Content starts
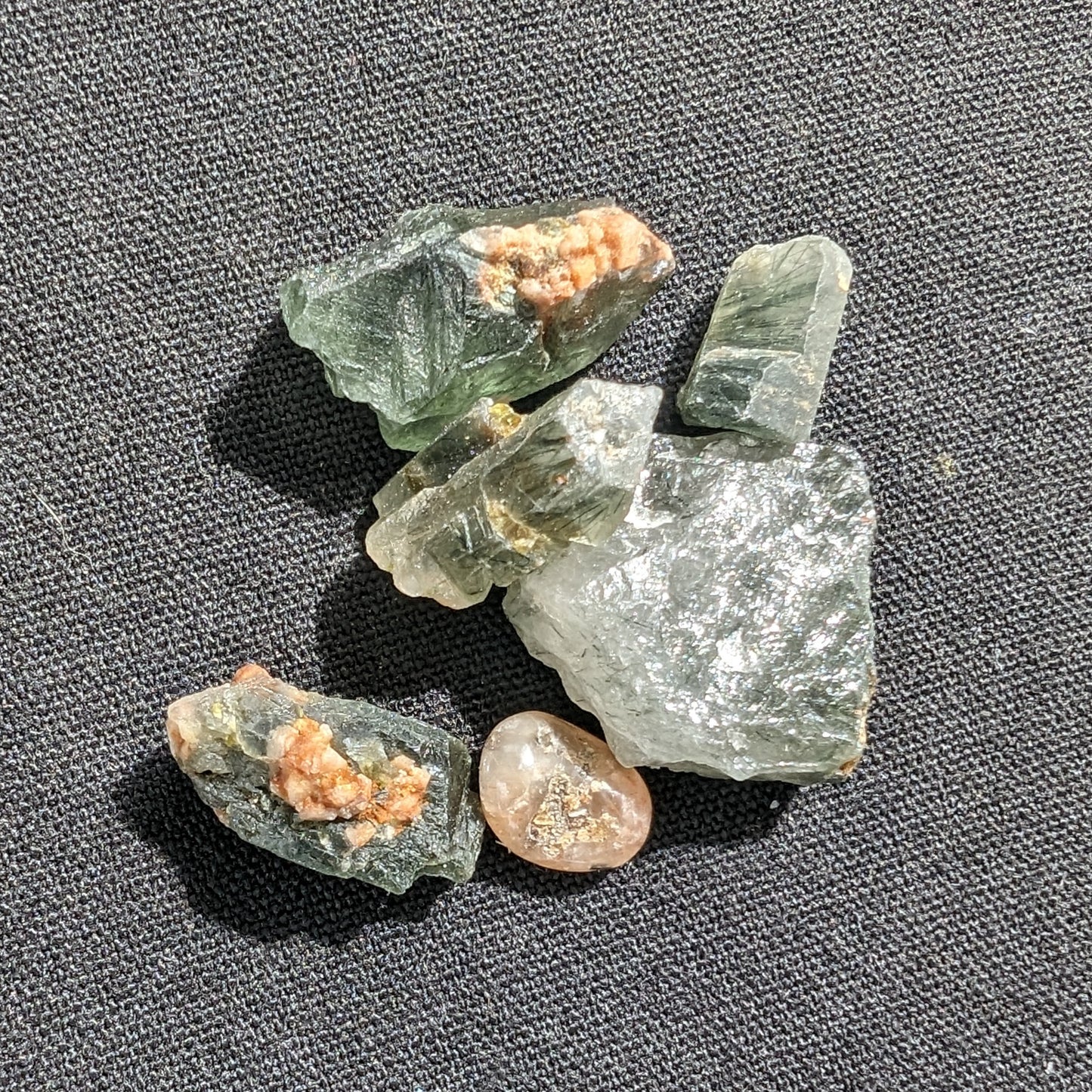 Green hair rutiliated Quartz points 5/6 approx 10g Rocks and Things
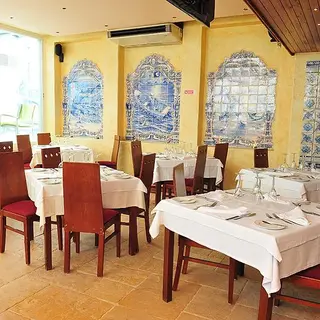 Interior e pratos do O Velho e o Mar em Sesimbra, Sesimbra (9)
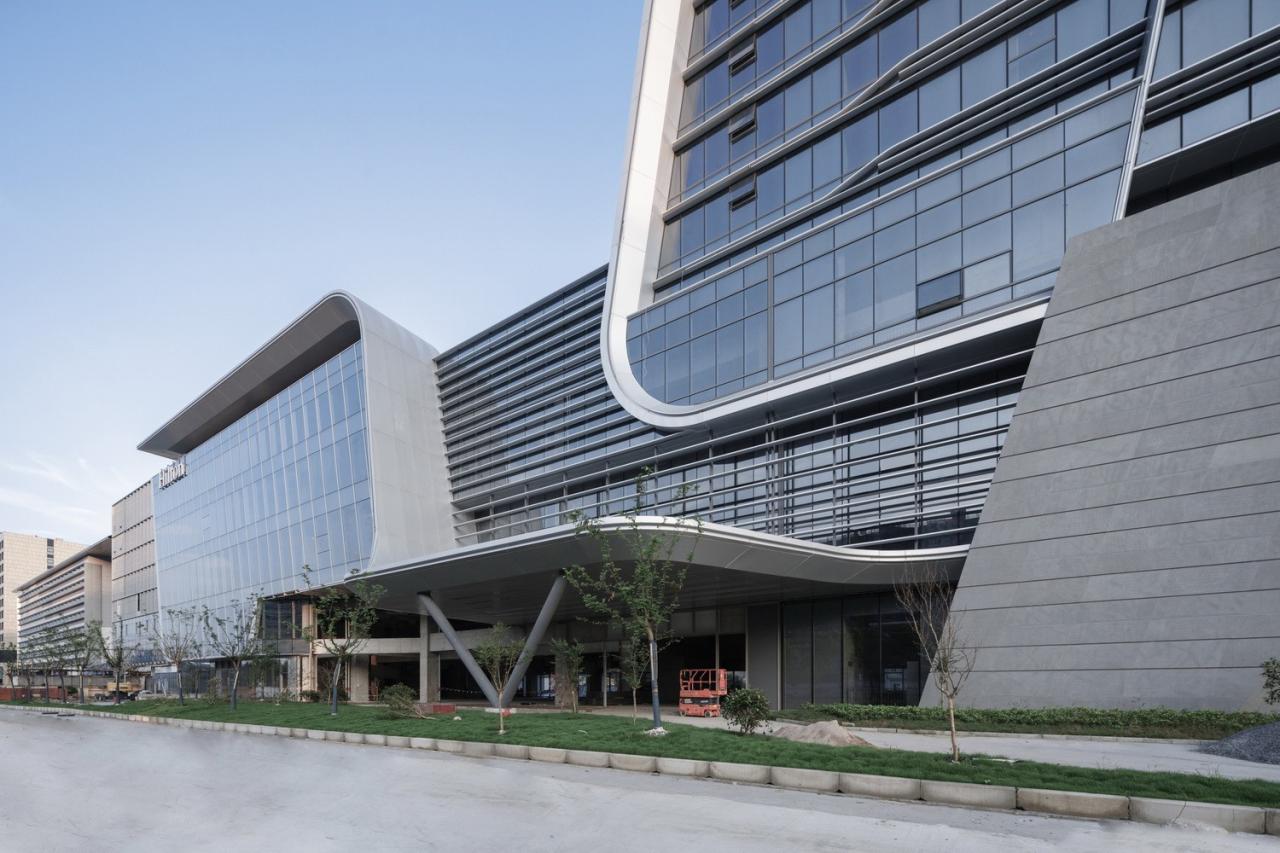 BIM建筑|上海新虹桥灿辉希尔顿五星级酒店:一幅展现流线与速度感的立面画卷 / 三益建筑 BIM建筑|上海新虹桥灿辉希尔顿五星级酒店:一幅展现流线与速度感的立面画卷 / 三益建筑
Content ends
● Task details
Please return each line of the listing exactly as written, excluding the images.

● Your solution
 Green hair rutiliated Quartz points 5/6 approx 10g Rocks and Things
 Interior e pratos do O Velho e o Mar em Sesimbra, Sesimbra (9)
 BIM建筑|上海新虹桥灿辉希尔顿五星级酒店:一幅展现流线与速度感的立面画卷 / 三益建筑 BIM建筑|上海新虹桥灿辉希尔顿五星级酒店:一幅展现流线与速度感的立面画卷 / 三益建筑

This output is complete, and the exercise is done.